**What to do**.
With pictures omitted, restate the data word for word.

**Source material**.
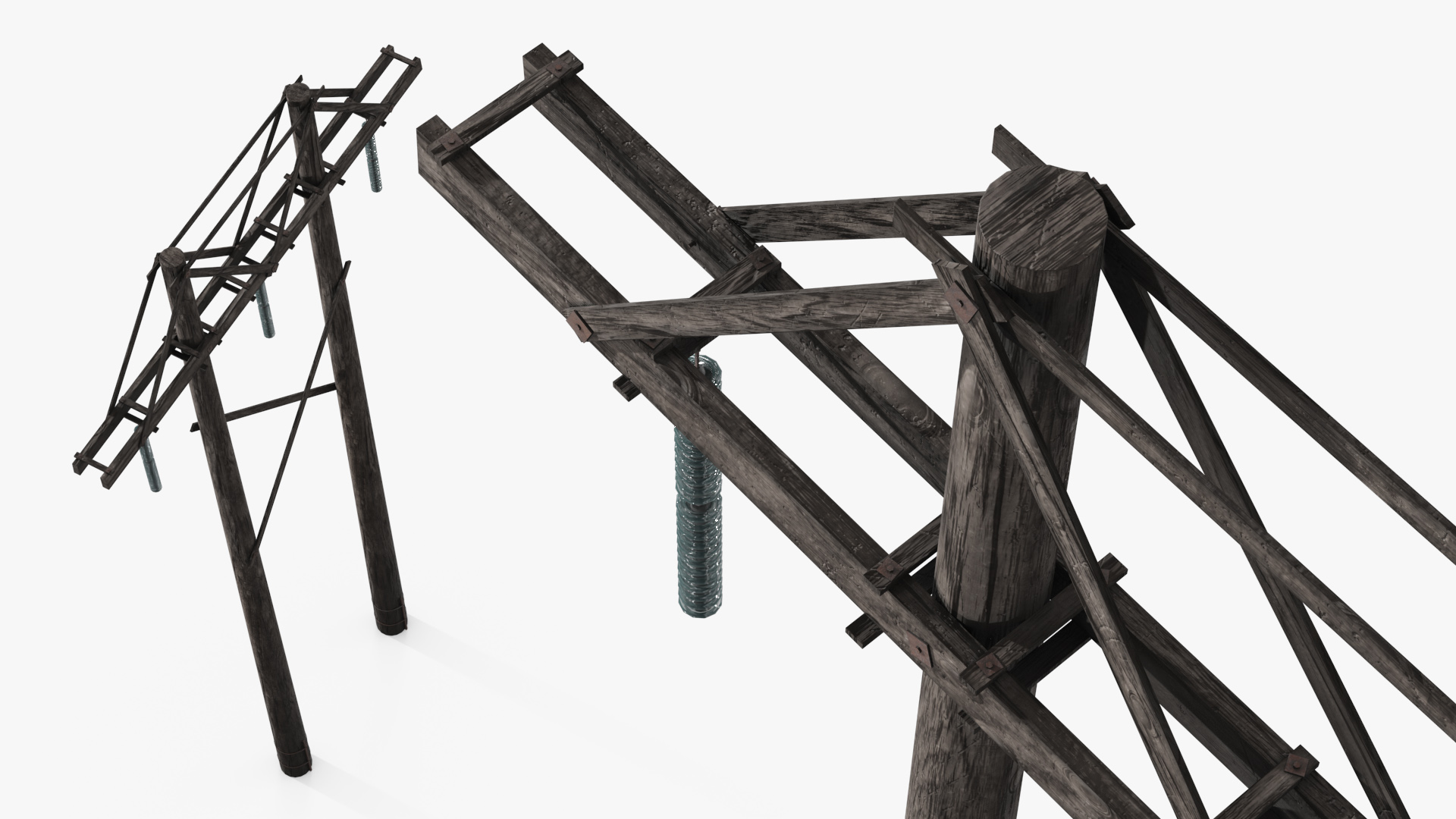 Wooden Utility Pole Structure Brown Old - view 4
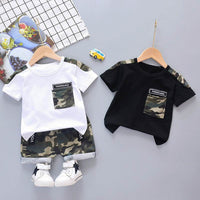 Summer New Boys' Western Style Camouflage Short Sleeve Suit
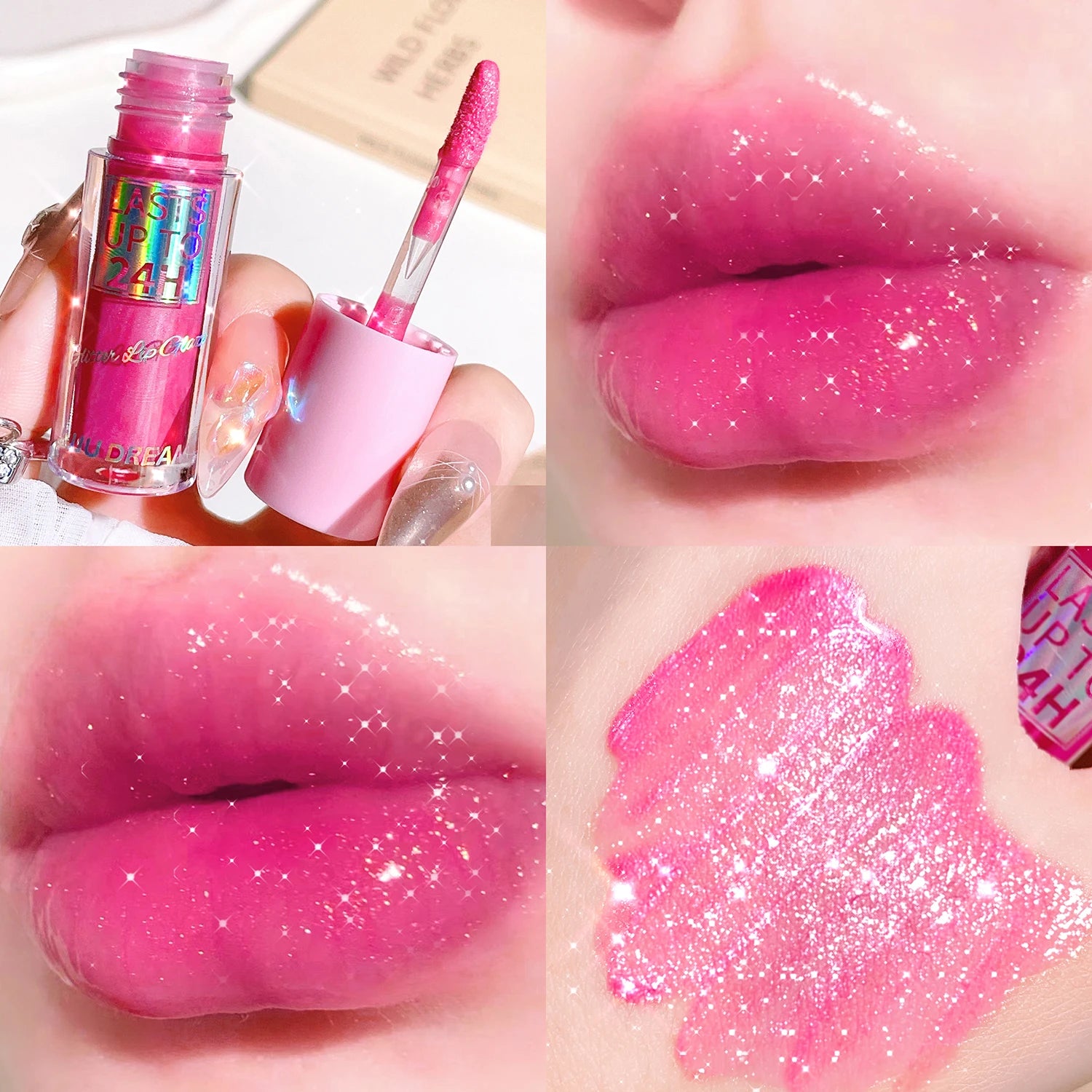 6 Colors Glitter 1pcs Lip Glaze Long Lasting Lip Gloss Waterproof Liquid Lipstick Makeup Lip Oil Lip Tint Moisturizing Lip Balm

**Answer for this exercise**.
 Wooden Utility Pole Structure Brown Old - view 4
 Summer New Boys' Western Style Camouflage Short Sleeve Suit
 6 Colors Glitter 1pcs Lip Glaze Long Lasting Lip Gloss Waterproof Liquid Lipstick Makeup Lip Oil Lip Tint Moisturizing Lip Balm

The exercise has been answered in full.